Make any plot you want of any part of the cereal or menu datasets. Feel free to spruce up the plot a bit by adding color (as we learned in the ggplot2 workshops) or by creating new columns like calories per cup (like we learned in the tidyverse workshop). Display the plot in your RMarkdown file and make it an appropriate size and dimension.

Output

Everything we’ve done so far has used the default output settings. But we can modify how your document is rendered to make the HTML, Word, or PDF file look better.

Different output files

We take care of this all the way at the top of your RMarkdown file in the header. This is the portion between the --- lines, where your title, name, and date appear. We can add lots more to that to make everything look good.

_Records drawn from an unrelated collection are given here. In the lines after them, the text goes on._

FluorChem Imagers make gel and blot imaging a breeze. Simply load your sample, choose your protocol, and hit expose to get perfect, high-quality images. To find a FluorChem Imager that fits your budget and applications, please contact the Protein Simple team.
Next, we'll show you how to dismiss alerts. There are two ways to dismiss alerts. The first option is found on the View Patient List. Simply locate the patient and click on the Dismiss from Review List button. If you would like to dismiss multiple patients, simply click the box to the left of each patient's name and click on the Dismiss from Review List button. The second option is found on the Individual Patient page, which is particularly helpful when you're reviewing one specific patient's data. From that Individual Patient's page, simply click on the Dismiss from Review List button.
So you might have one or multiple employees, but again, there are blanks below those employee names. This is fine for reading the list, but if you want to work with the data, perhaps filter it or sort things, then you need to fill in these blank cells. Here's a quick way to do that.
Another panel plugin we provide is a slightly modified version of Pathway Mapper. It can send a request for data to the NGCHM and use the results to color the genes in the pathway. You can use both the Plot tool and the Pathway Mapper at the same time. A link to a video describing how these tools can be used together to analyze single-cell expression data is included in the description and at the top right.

Most of these options come after the output: line, usually indented. In our document we have html_document next, but if you want to also create a Word file, you can add it to the heading like this:

output:
  html_document: default
  word_document: default

When you knit your document up, you’ll end up with two new files in the same folder as your RMarkdown file. Since html_document is first, an HTML file will pop up (and if you put the word_document first, a Word file will open automatically). An HTML file is one that is what you might see on a webpage, and in fact you can open the file in a web browser and it’ll look like a regular website (except it’s just a file saved on your computer).

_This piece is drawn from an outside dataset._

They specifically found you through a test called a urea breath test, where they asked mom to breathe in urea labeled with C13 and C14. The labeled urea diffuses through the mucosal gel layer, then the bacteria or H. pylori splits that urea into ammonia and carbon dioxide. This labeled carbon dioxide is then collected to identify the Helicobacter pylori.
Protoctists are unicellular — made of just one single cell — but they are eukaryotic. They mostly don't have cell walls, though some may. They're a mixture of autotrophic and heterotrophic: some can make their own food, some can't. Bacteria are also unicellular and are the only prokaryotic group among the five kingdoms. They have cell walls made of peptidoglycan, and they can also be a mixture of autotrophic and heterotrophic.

You can also create a PDF using pdf_document: default and it will create a PDF version of your file. This uses something called LaTeX, so if you’re familiar with that there are lots of additional options that make the transition between R and LaTeX smoother. However, it might not work if you don’t have it installed on your computer. That’s okay: you can just knit it to a Word file and then save it as a PDF file (which is what I do).

Your turn!

Try knitting your file into a Word file and look at how it renders. What kinds of changes do you see?

When you knit your files to an HTML or Word file, there are lots of defaults. You can change some of these defaults to make your document turn out better. To do this, you’ll have to modify your header to make room for these new options by removing the default from the line, and adding new lines like this:

output: 
    html_document:
        (Options go here.)
    word_document: 
        (Other options go here.)

One of the options I like to add is a table of contents. This is something that shows up at the top of the document, which we can add this with toc: true.

output: 
    html_document:
        toc: true
    word_document: 
        toc: true

When you knit your files, you should now see a table of contents at the top. In Word, this is just like one that you might add using the controls in Word. In the HTML file, you’ll see a list of links at the top.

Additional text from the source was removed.